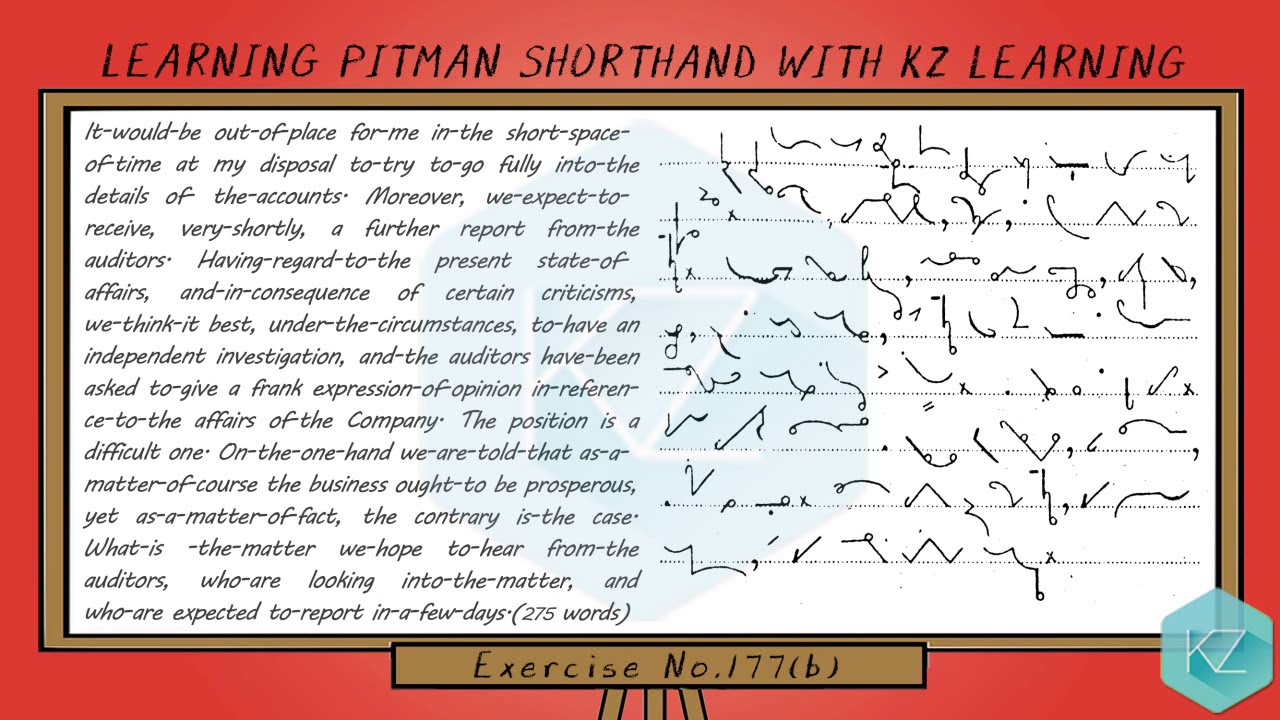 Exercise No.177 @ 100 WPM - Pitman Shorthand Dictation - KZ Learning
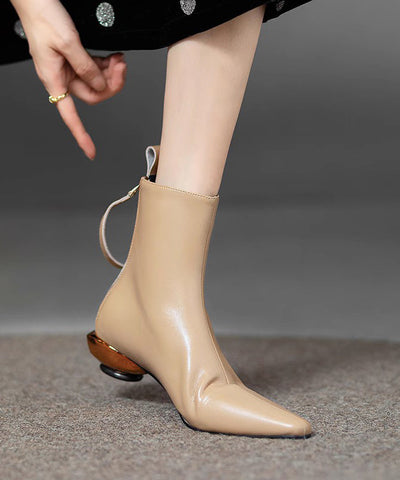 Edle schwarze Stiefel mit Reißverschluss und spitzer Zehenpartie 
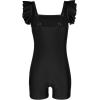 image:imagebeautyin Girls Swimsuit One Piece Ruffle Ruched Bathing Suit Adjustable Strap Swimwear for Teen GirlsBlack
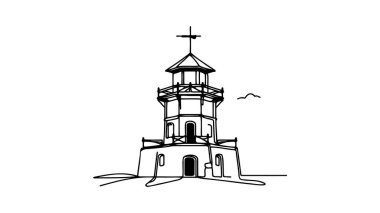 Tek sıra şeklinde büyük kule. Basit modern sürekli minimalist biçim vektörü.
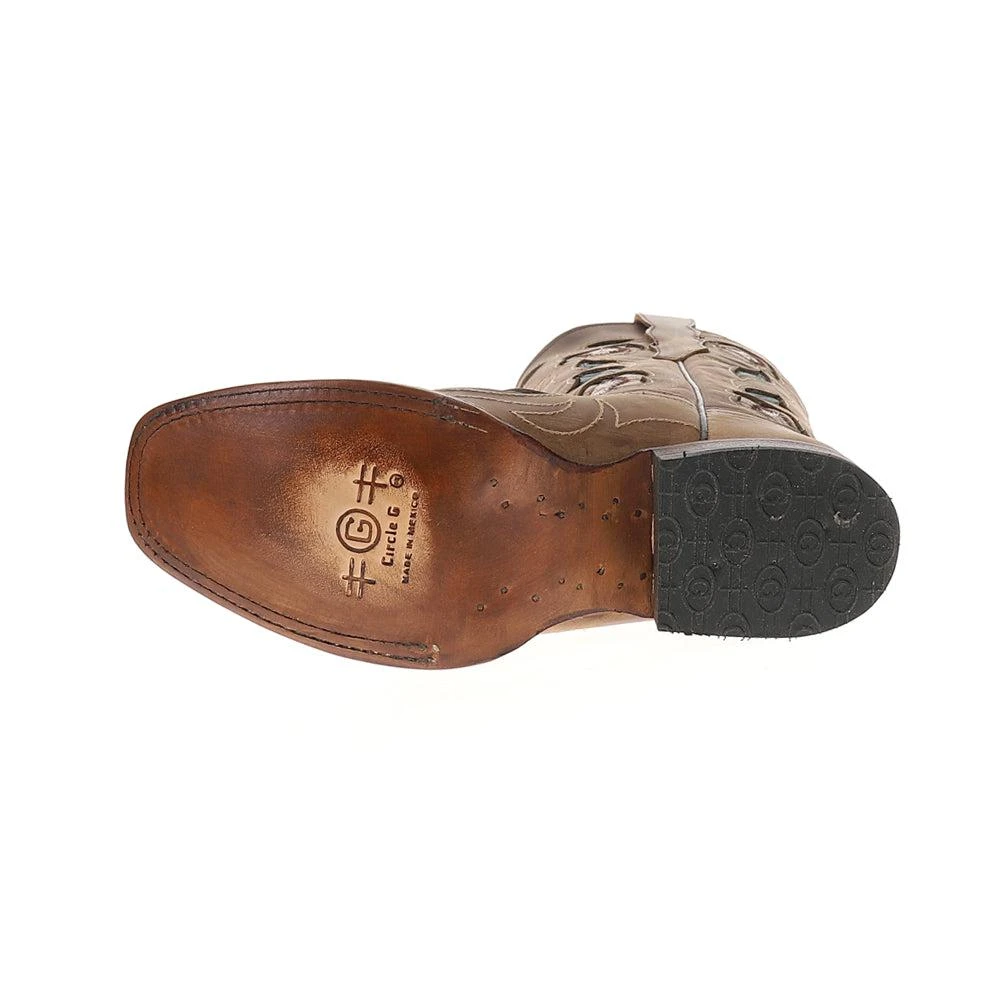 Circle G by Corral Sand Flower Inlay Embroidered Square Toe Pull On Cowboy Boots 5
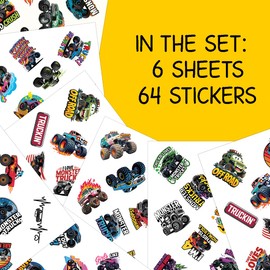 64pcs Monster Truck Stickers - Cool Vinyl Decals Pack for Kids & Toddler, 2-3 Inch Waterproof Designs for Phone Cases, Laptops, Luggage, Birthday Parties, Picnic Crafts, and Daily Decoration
...
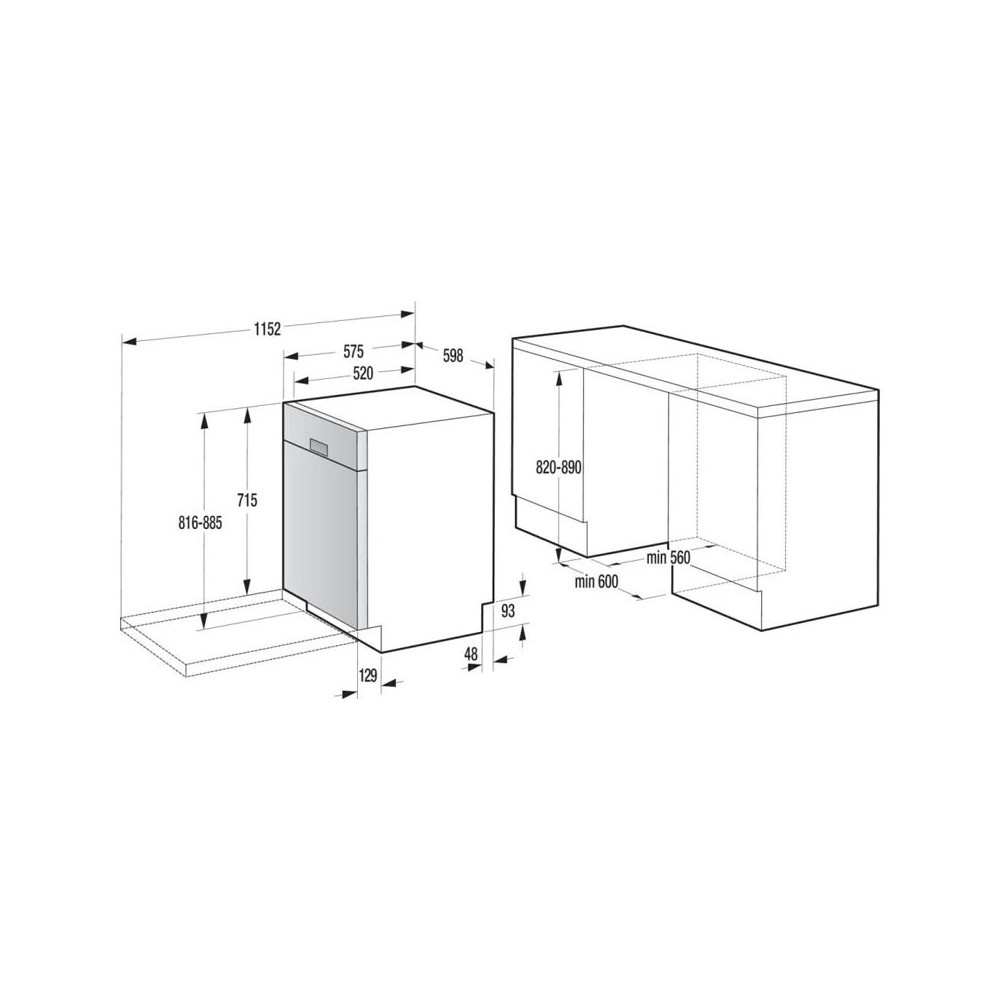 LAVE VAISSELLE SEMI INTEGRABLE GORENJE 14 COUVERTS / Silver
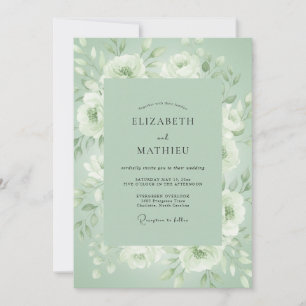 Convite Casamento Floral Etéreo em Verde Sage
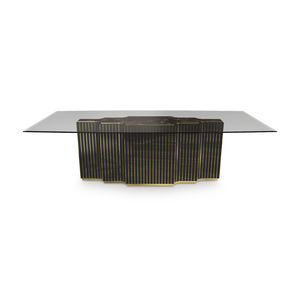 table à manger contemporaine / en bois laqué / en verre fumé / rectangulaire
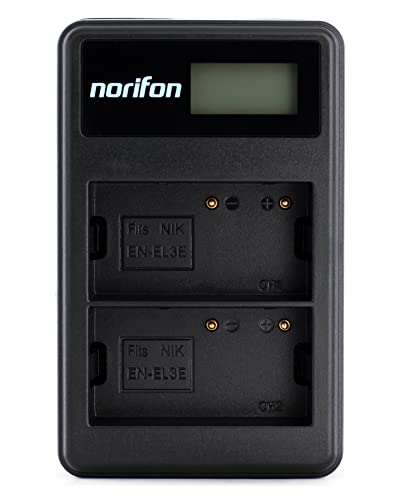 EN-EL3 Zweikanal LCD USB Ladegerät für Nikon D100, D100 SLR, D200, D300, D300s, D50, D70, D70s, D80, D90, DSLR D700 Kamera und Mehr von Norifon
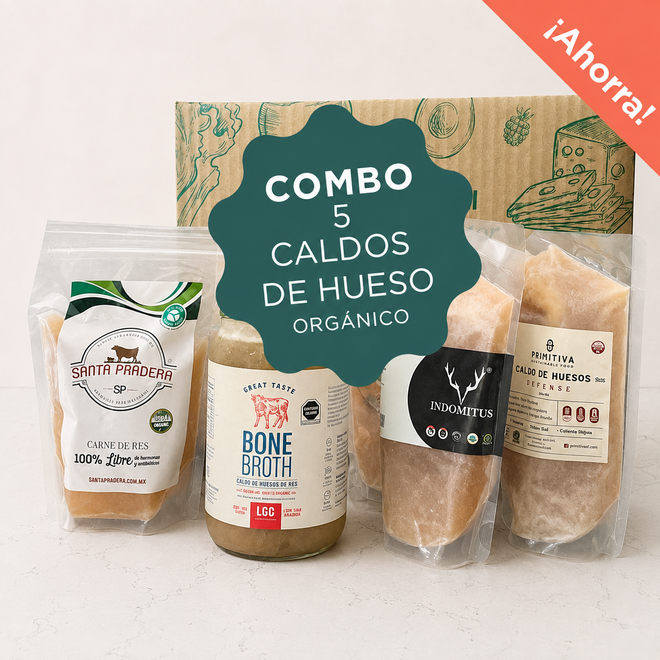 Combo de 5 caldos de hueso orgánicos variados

### ACTIVITY:
Exactly reproduce the lines above, starting at the one that contains "Edle schwarze Stiefel" and ending at the one that contains "64pcs Monster Truck", both inclusive; leave the pictures out and add no other lines.

### REPLY TO THE EXERCISE:
 Edle schwarze Stiefel mit Reißverschluss und spitzer Zehenpartie 
 image:imagebeautyin Girls Swimsuit One Piece Ruffle Ruched Bathing Suit Adjustable Strap Swimwear for Teen GirlsBlack
 Tek sıra şeklinde büyük kule. Basit modern sürekli minimalist biçim vektörü.
 Circle G by Corral Sand Flower Inlay Embroidered Square Toe Pull On Cowboy Boots 5
 64pcs Monster Truck Stickers - Cool Vinyl Decals Pack for Kids & Toddler, 2-3 Inch Waterproof Designs for Phone Cases, Laptops, Luggage, Birthday Parties, Picnic Crafts, and Daily Decoration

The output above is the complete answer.